INPUT DATA:
BEGIN

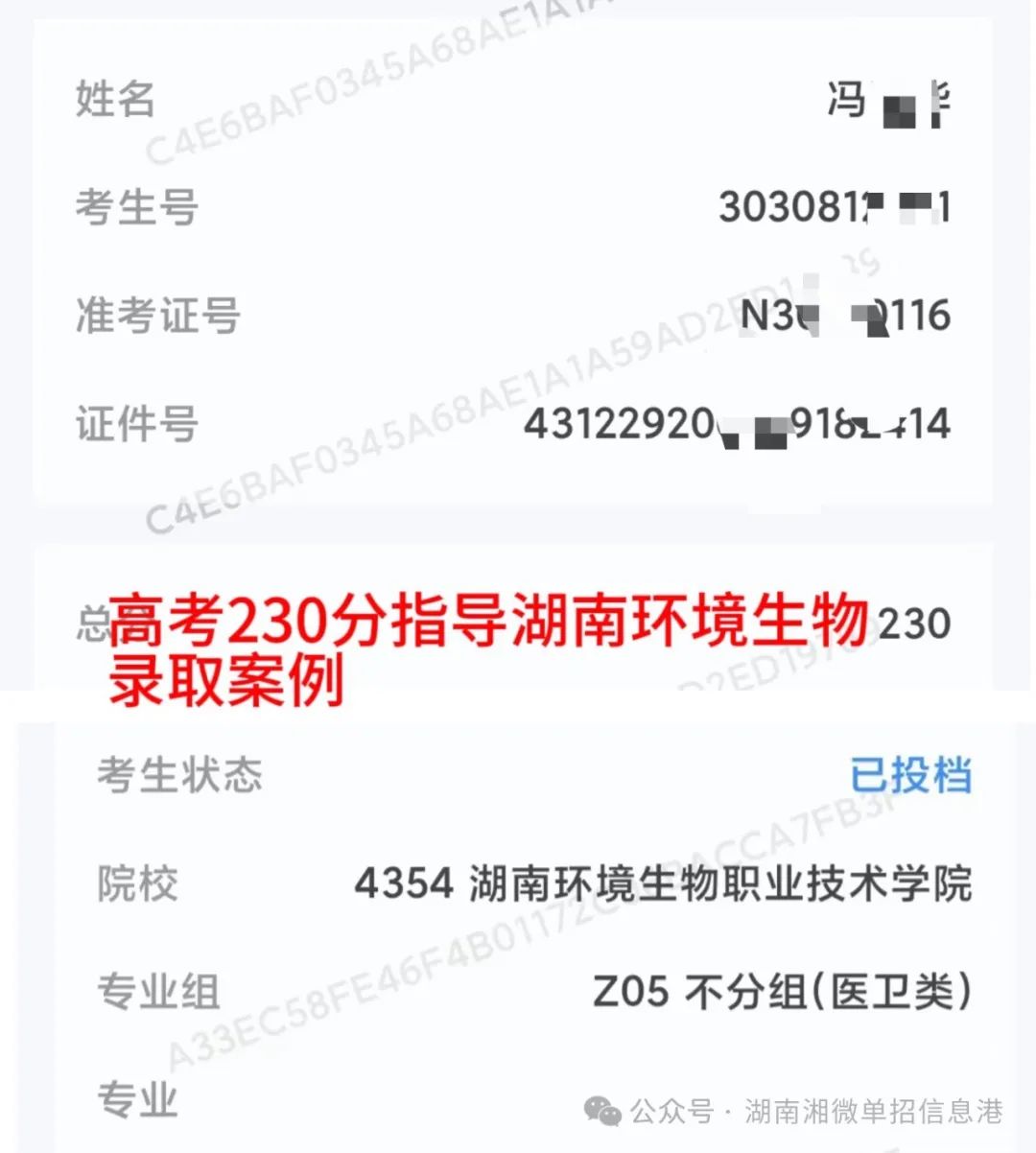 单招落榜?高考冲刺上公办!2024高考冲刺班(专科批)招生简章 第13张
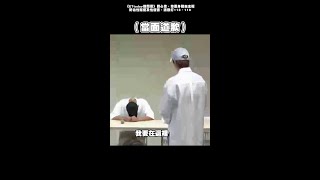 炎亞綸突現身記者會！男網紅崩潰趴桌　他鞠躬道歉求原諒 #Shorts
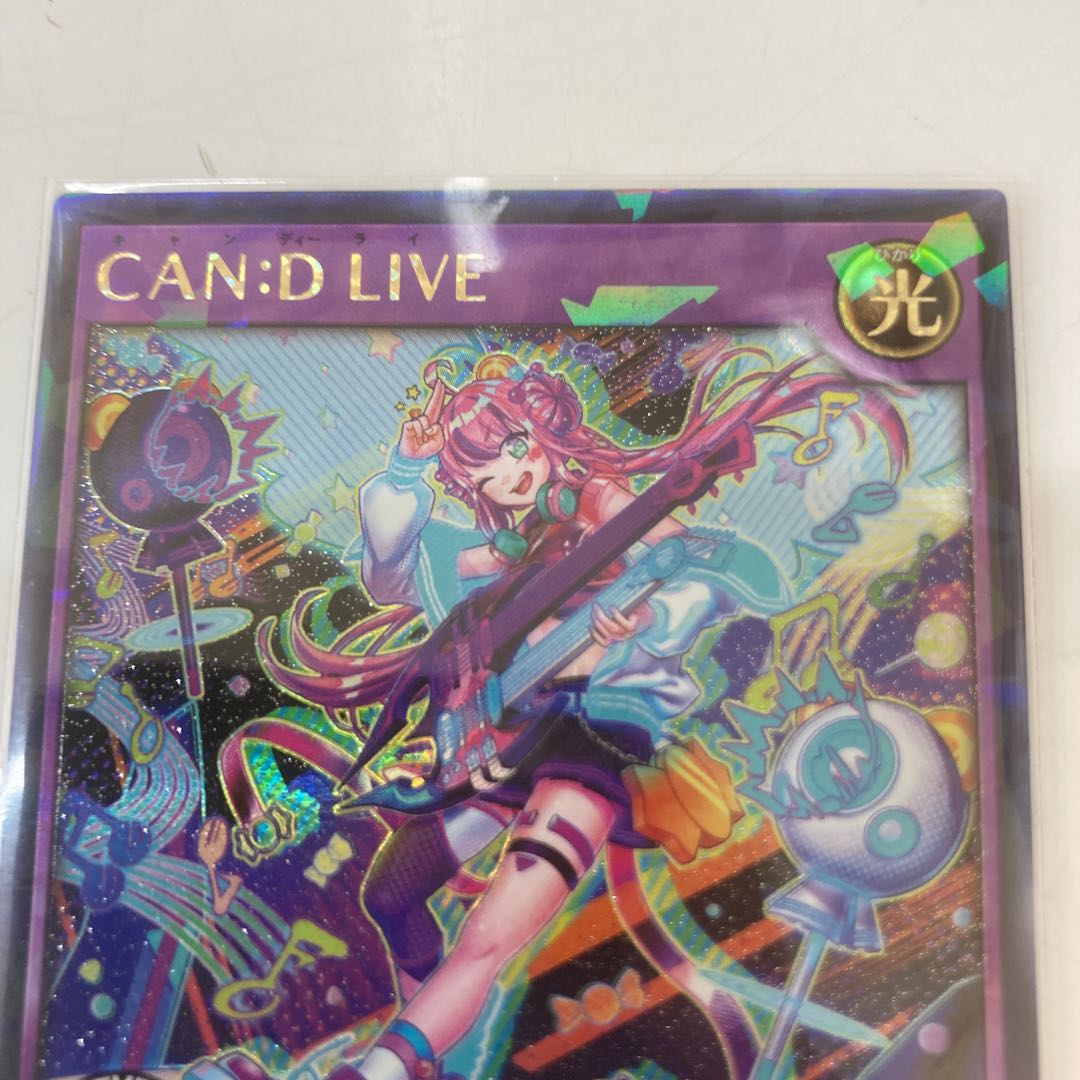 CAN:D LIVE ラッシュレア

END

TASK DETAILS: Return nothing except the lines from the one containing "炎亞綸突現身記者會！男網紅崩潰趴桌　他鞠躬道歉求原諒 #Shorts" through the final line of the data, copied exactly. Leave out all pictures.

TASK ANSWER:
 炎亞綸突現身記者會！男網紅崩潰趴桌　他鞠躬道歉求原諒 #Shorts
 CAN:D LIVE ラッシュレア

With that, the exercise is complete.